Meta has announced plans to withdraw all news content off Facebook and Instagram in Canada in advance of the implementation of a new law requiring the platforms to split money with publishers.
The Online News Act, commonly known as Bill C-18, will require large technology corporations to reimburse news publishers for information that appears on their platforms, including Google.
Ottawa has said the law creates a level playing field between online advertising giants and the shrinking news industry.
Canadian Heritage Minister Pablo Rodriguez has promised to push back on what he describes as “threats” from Facebook and Google to remove journalism from their platforms.
Meta’s plan to comply with the new law by blocking all news will also likely be harmful for news organisations, who derive web traffic from stories posted to Facebook and Instagram.
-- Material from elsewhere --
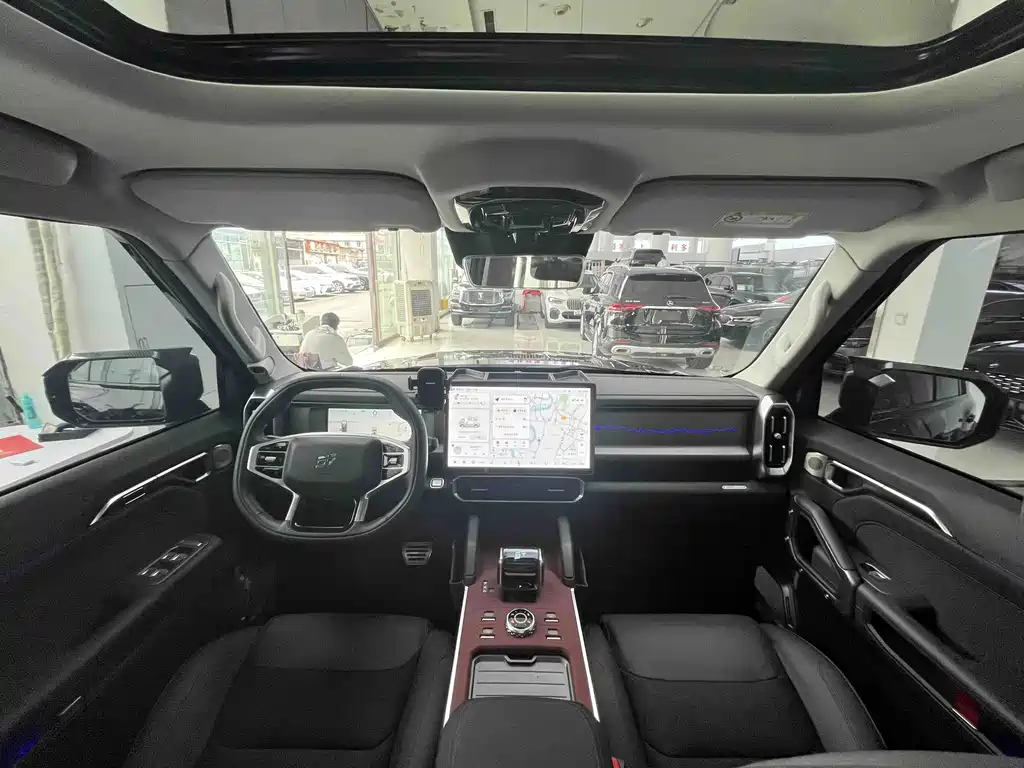 Jetour Traveller C-DM — миниатюра 12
The tech giant did not offer details about the timeline for the move, with the bill set to come into force six months after it receives royal assent.
Meta, which is based in Menlo Park, California, has taken similar steps in the past.
In 2021, it briefly blocked news from its platform in Australia after the country passed legislation that would compel tech companies to pay publishers for using their news stories. It later struck deals with Australian publishers.
Laura Scaffidi, a spokesperson for the minister, said Mr Rodriguez was set to have a meeting Thursday afternoon with Google, which has hinted that removing news links from its popular search engine is a possibility. The company didn’t provide comment on the matter.
Meta is already undergoing a test that blocks news for up to five percent of its Canadian users, and Google ran a similar test earlier this year.
The Online News Act requires both companies to enter into agreements with news publishers to pay them for news content that appears on their sites if it helps the tech giants generate money.